Collisionless Magnetic Reconnection in a Five-Moment Two-Fluid Electron-Positron Plasma

TL;DR

This study investigates magnetic reconnection in collisionless electron-positron plasma using a two-fluid model, finding that fast reconnection requires numerical diffusion in the absence of Hall effects or pressure anisotropy.

Contribution

It demonstrates that isotropic pressure in pair plasma does not lead to fast reconnection without numerical diffusion, contrasting with previous models with Hall effects or pressure anisotropy.

Findings

Fast reconnection in pair plasma requires numerical diffusion.

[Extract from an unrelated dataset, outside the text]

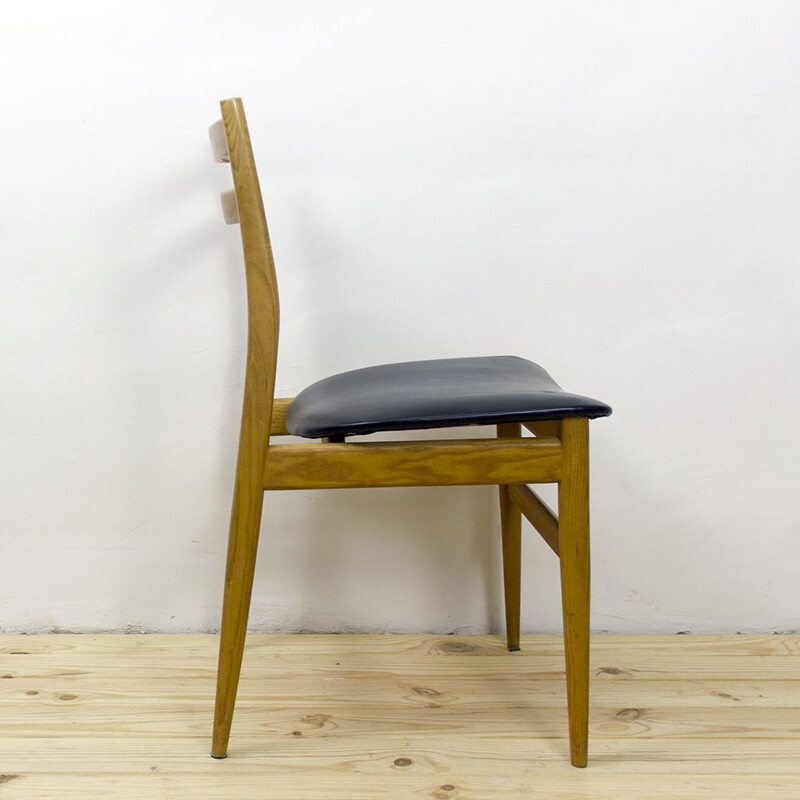 Vintage-Stuhl aus Esche, Skandinavien 1960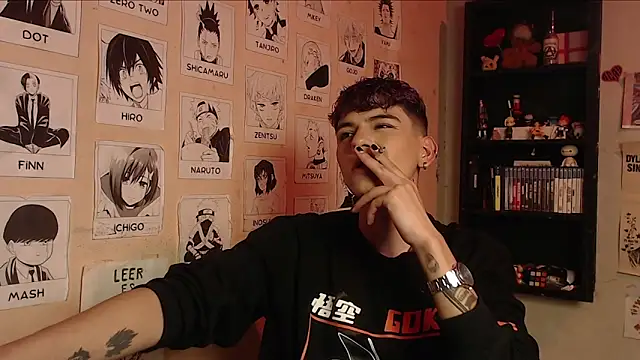 Snapshot of Mickey_Magic chatting on 01/27/25, 03:58 Mickey Magic online show from 01/27/25, 03:58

Hall effects or pressure anisotropy facilitate fast reconnection.

Isotropic pressure alone does not produce fast reconnection.

Abstract

We simulate magnetic reconnection in electron-positron (pair) plasma using a collisionless two-fluid model with isotropic pressure. In this model the resistive, Hall, and electrokinetic pressure terms are absent from the curl of Ohm's law, leaving the inertial term alone to provide for magnetic reconnection. Our simulations suggest that for pair plasma simulated with isotropic pressure fast reconnection does not occur without the aid of sufficient (numerical) diffusion. We contrast this result with simulations and published results showing fast reconnection for collisionless two-fluid plasma with isotropic pressures and non-canceling mass-to-charge ratios, where Hall effects are present and numerical diffusion is small, and with published PIC studies of pair plasma which observe fast reconnection and attribute it to nonisotropic pressure.